__INFORMATION PROVIDED__
=== Section Start ===

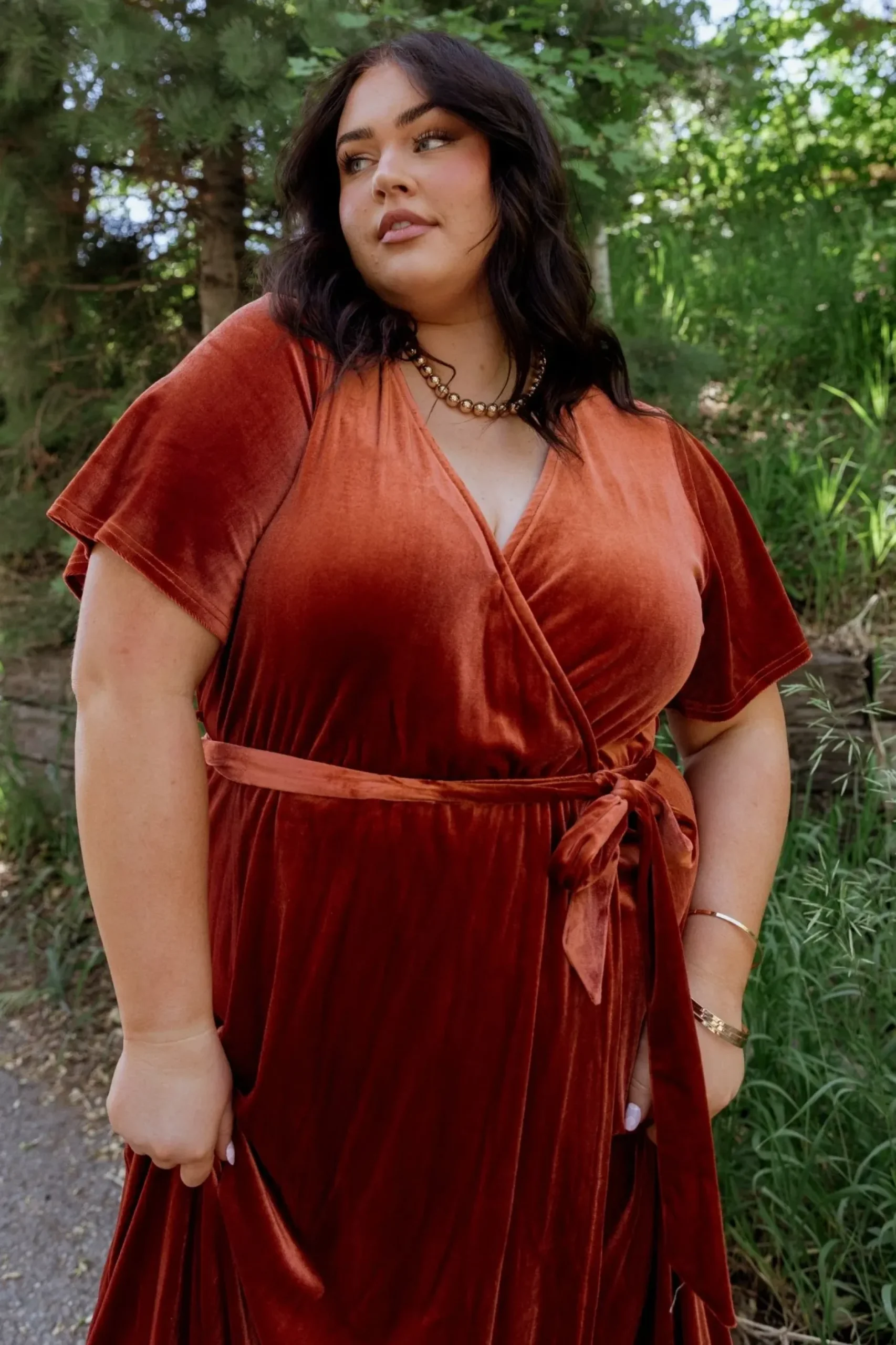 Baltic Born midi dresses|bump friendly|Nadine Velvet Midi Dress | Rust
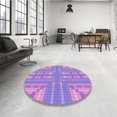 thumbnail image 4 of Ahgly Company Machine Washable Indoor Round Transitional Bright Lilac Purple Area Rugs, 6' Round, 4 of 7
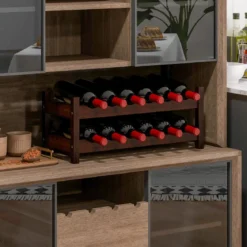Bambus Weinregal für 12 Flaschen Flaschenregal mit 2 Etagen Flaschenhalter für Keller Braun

=== Section End ===
=== Section Start ===

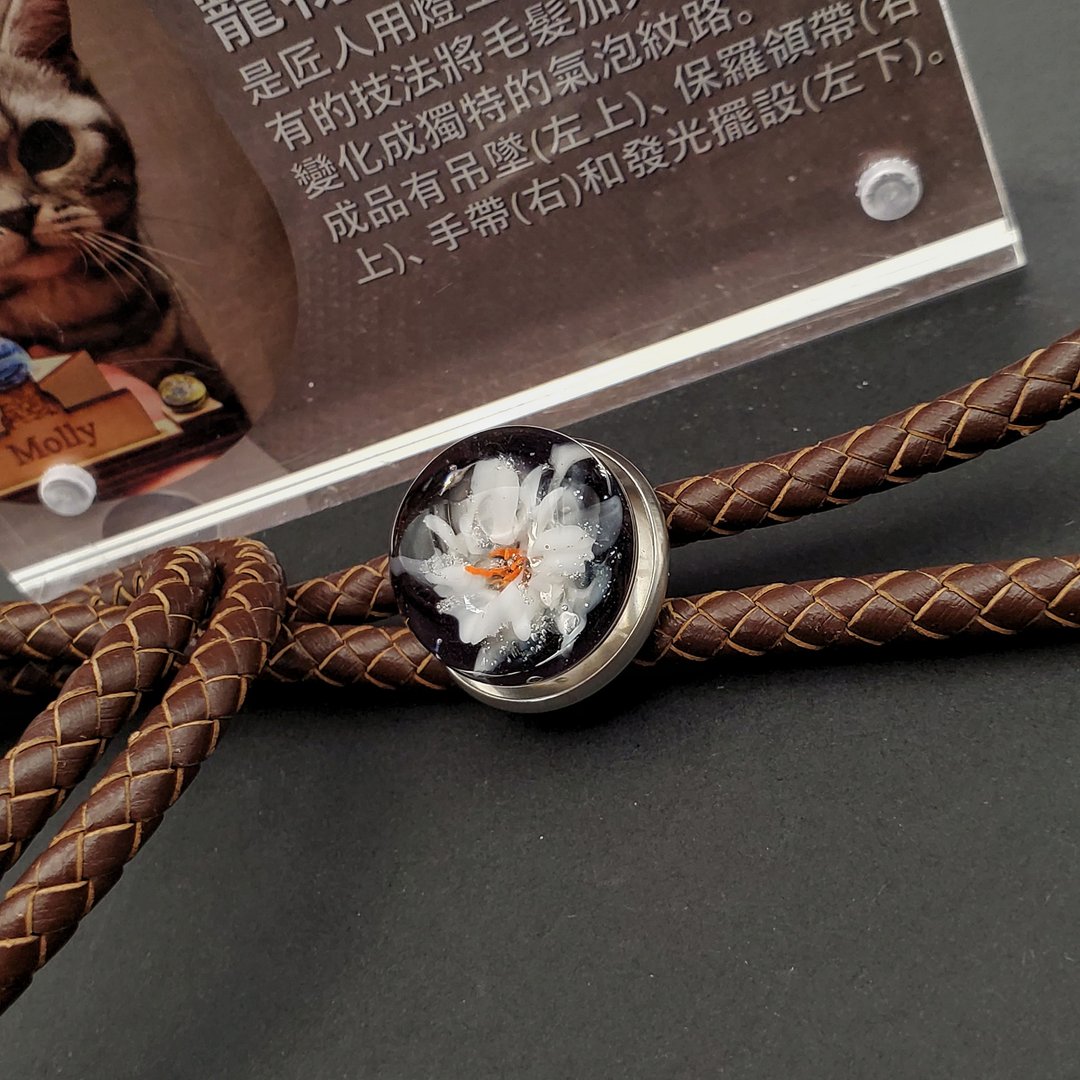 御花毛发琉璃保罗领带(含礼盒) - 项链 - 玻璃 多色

=== Section End ===

__REQUIREMENT__
For this exercise, please set down exactly the lines of the listing above from the line with "thumbnail image 4" up to and including the line with "Bambus Weinregal für", and no pictures.

__SOLUTION TO THE PROBLEM__
 thumbnail image 4 of Ahgly Company Machine Washable Indoor Round Transitional Bright Lilac Purple Area Rugs, 6' Round, 4 of 7
Bambus Weinregal für 12 Flaschen Flaschenregal mit 2 Etagen Flaschenhalter für Keller Braun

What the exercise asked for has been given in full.